= Provided material =
Start of Block

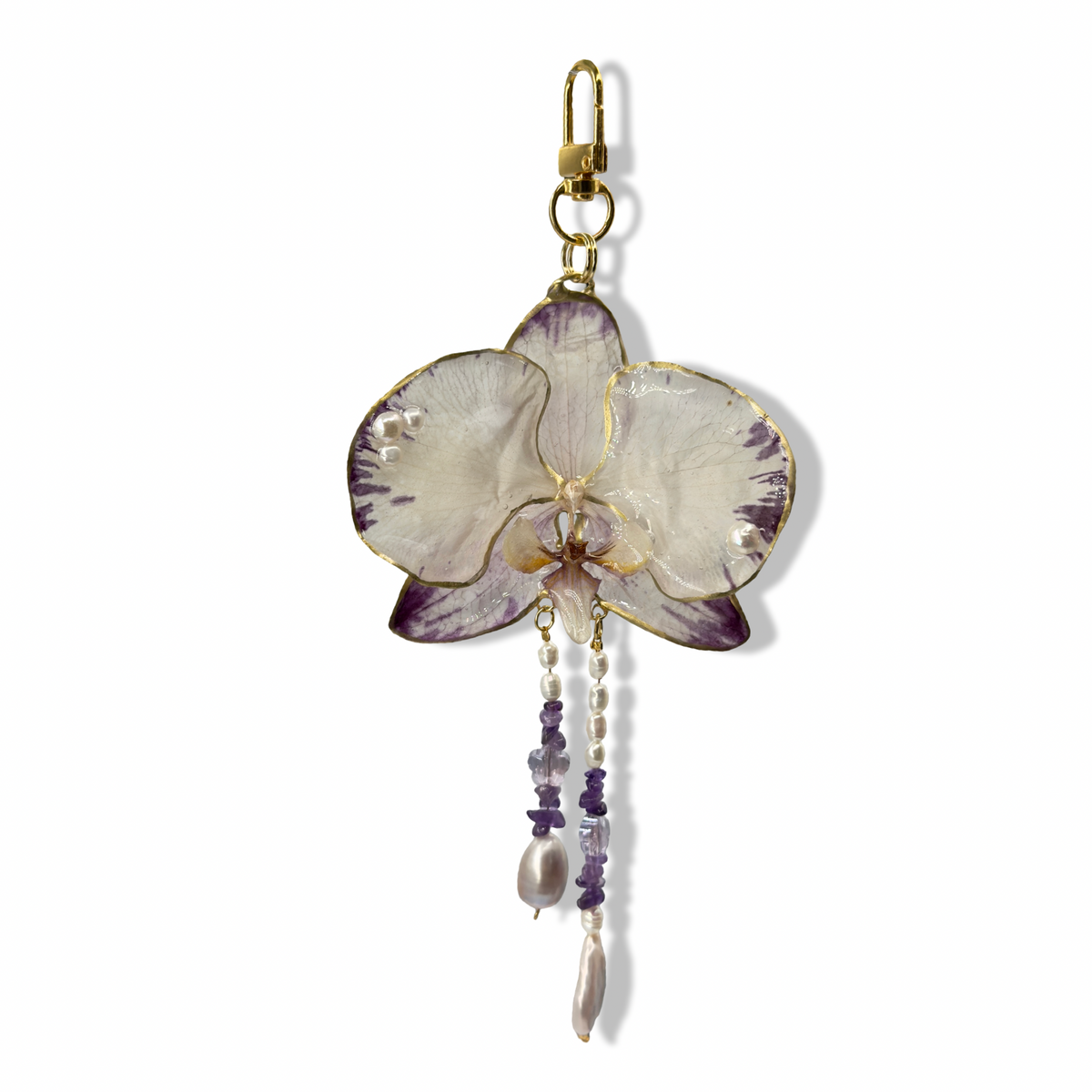 Isolde orchid bag charm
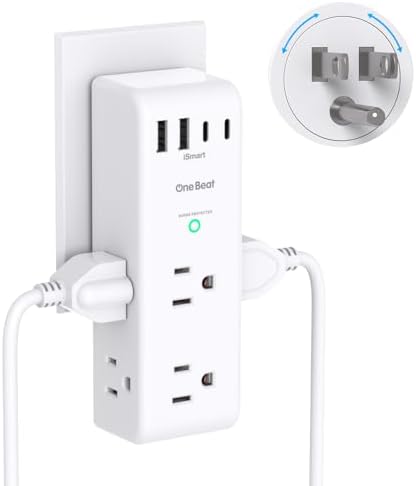 Surge Protector Outlet Extender   with Rotating Plug  6 AC Multi Plug Outlet with 4 USB Ports  2 USB C   1800J Wall Charger  3 Sided Power Strip with Spaced Outlet Splitter for Home  Office  Travel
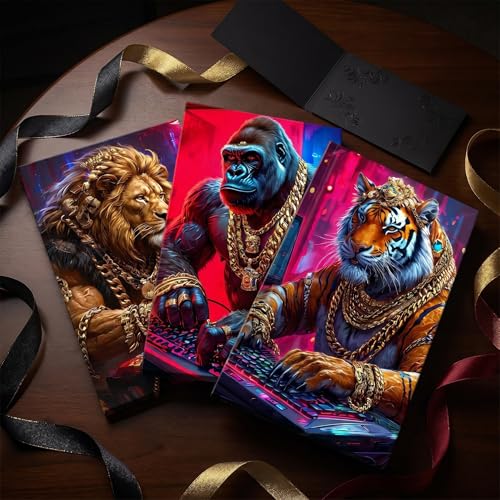 Game Room Decor Gaming Posters Video Game Wall Art Prints Set of 3 Cool Cyberpunk Animal Painting Pictures Gamer Wall Decor for Boy Teen Men Bedroom Bathroom Playroom 12x16in Framed - size: Framed12X 16Inchesx3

End of Block

= Exercise details =
A verbatim copy of the material, pictures excluded, is what must be produced.

= Answer space =
 Isolde orchid bag charm
 Surge Protector Outlet Extender   with Rotating Plug  6 AC Multi Plug Outlet with 4 USB Ports  2 USB C   1800J Wall Charger  3 Sided Power Strip with Spaced Outlet Splitter for Home  Office  Travel
 Game Room Decor Gaming Posters Video Game Wall Art Prints Set of 3 Cool Cyberpunk Animal Painting Pictures Gamer Wall Decor for Boy Teen Men Bedroom Bathroom Playroom 12x16in Framed - size: Framed12X 16Inchesx3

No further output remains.